Hace ya muchos años, mis padres compraron un piso de dos habitaciones para mi hermana y para mí, en pleno corazón de Madrid. Nos decían que algún día podríamos venderlo y, con ese dinero, comprar dos estudios más pequeños, para que cada una tuviera su propio espacio.
Con el tiempo, mi hermana Lucía conoció a un muchacho, se enamoró y terminó casándose con él. Me preguntó con delicadeza si me importaría que se mudaran a nuestro piso. No vi inconveniente y acepté. Al principio todo transcurría en armonía, compartiendo la vivienda como siempre.
Pero pronto llegaron los cambios. Lucía se enteró de que esperaba un hijo y desde entonces, tanto ella como su marido empezaron a insinuar primero con suavidad, luego sin tapujos que tenía que dejar el piso. Que el bebé necesitaba mi habitación, que el pequeño debería dormir allí y que podían pintar las paredes de azul celeste o verde menta, como si yo no llevara ya años viviendo en aquella casa que era tan mía como de ellos.
No dejo de preguntarme si esto es, de verdad, lo habitual. ¿Acaso tengo que marcharme de un sitio que también me pertenece? Sigo estudiando en la Universidad Complutense y apenas tengo ingresos más allá de una beca modesta y unas horas como dependienta en una librería de la Gran Vía. ¿Por qué han de pedirme, casi exigir, que alquile una habitación por mi cuenta en otra parte de Madrid, con lo carísimo que está todo? Lo que gano no me da ni para cubrir un alquiler en condiciones.

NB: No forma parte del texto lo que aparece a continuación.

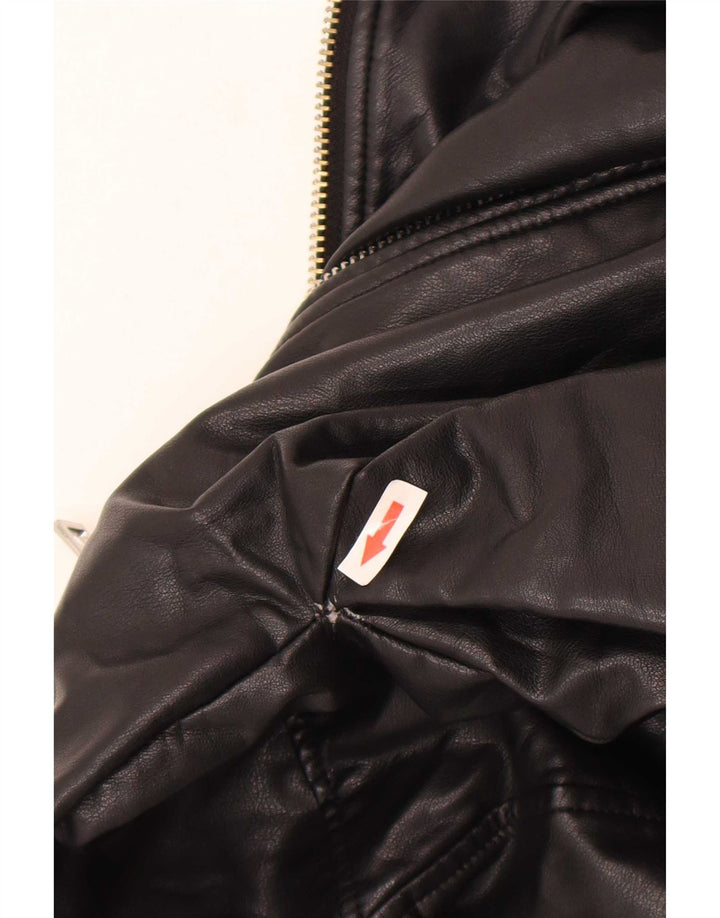 Giacca da motociclista oversize in ecopelle da donna Zara UK 10 piccola in poliestere nero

Lucía pasó de sugerírmelo de manera cariñosa a empezar a hablarme como si ya hubiera decidido mi salida. Calcula en voz alta dónde va a colocar la cuna del niño, habla sobre los cortinajes y me hace sentir como una invitada en mi propio hogar. Yo, desde luego, no tengo pensado mudarme; poseo la mitad del piso y los recuerdos que tenemos allí pesan tanto como la escritura.
Hablé con mis padres acerca de todo esto. Mi madre, entre risas, quitó hierro al asunto: Estas cosas les pasan a las embarazadas, hija, ya se le pasará. Me pidió que no me tomara a pecho las palabras de Lucía. Pero, ¿cómo puede una ignorar que la están apartando de su casa, del que fue su refugio durante tantos años?
Es curioso cómo uno puede sentirse extranjero bajo su propio techo, como si todos los planes giraran a tu alrededor y tú no tuvieras ni voz ni voto. No creo que Lucía quiera cambiar su postura y a mí sólo me queda preguntarme qué debería hacer yo en esta situación, en la que no parece haber salida fácil ni consuelo.